I have not seen Paul Manata around lately, but I was wondering if anyone here knew of the "best" (i.e. "most scholarly") debate forums between theist and atheists. Also, I would like to know the "best" atheist websites (where they go for ammo).
I am interested in reading treads and arguments. Learning and challenging myself...I have read apologetic books, but I would like to see arguments, etc...applied.

links/web adresses for forums and website would be appreciated.

thanks,
matt


----------



## panta dokimazete (Apr 11, 2006)

hoo-boy - assume you are familiar with the Internet Infidels?
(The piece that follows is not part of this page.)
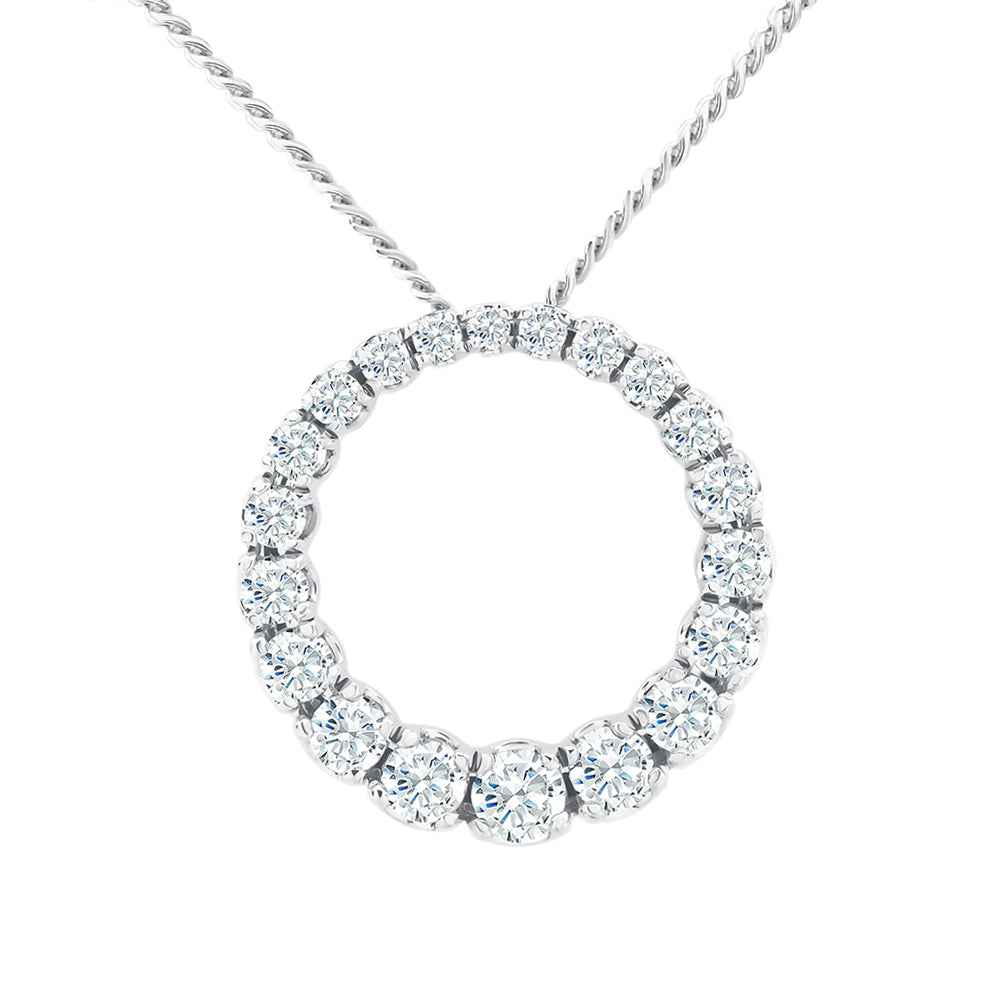 0.75CT Graduating Circular Claw Set Diamond Pendant 18CT White Gold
http://www.iidb.org/vbb/index.php

Tell 'em jdlongmire sent ya'... 

This place will challenge you - if you can get around the effluvia...

-JD

[Edited on 4-11-2006 by jdlongmire]


----------



## matthew11v25 (Apr 11, 2006)

> _Originally posted by jdlongmire_
> hoo-boy - assume you are familiar with the Internet Infidels?
> 
> http://www.iidb.org/vbb/index.php
> ...



I have not heard of it...thanks.

matt


----------



## panta dokimazete (Apr 12, 2006)

Also - try www.carm.org - they have an atheist area - so does theology web


----------



## Scott (Apr 12, 2006)

Matthew: When debating with atheists on the internet, just prepare yourself. You will essentially be debating with hecklers. They may make some interesting arguments, but it is not about the truth.


----------



## matthew11v25 (Apr 12, 2006)

> _Originally posted by Scott_
> Matthew: When debating with atheists on the internet, just prepare yourself. You will essentially be debating with hecklers. They may make some interesting arguments, but it is not about the truth.



not quite sure what you mean...could you explain or give an example? thanks.


----------



## Scott (Apr 12, 2006)

Let me analogize to a lawyer cross-examining a hostile witness in trial. A hostile witness will virtually never admit he is wrong. The best the opposing lawyer can do is to ask questions that make it clear to others (the jury) that the witness is wrong, inconsistent, or otherwise not credible. Real life litigation does not have Perry Mason moments (the witness breaking down and admitting he is wrong). 

You will find these guys to be hostile witnesses. Unfortunately there is no judge to reign them in or jury to authoritatively judge their words (their friends will think they have amazing wisdom and their opponents will think they are silly).

That is not to say you should not do it. It is better to understand that going in, else you can expect frustration.


----------



## panta dokimazete (Apr 12, 2006)

VERY apt analogy - remember - in many instances - it is like trying to convince a blind from birth person that there is color when he is firmly convinced you are delusional.

All the evidence from HIS and others like his perspective convinces him/them they are right.

Unless the Lord takes away the scales - they will always be blind.

-JD


----------



## Vytautas (Apr 14, 2006)

Here is a site that has atheist message boards: 

unchainedradio.com


----------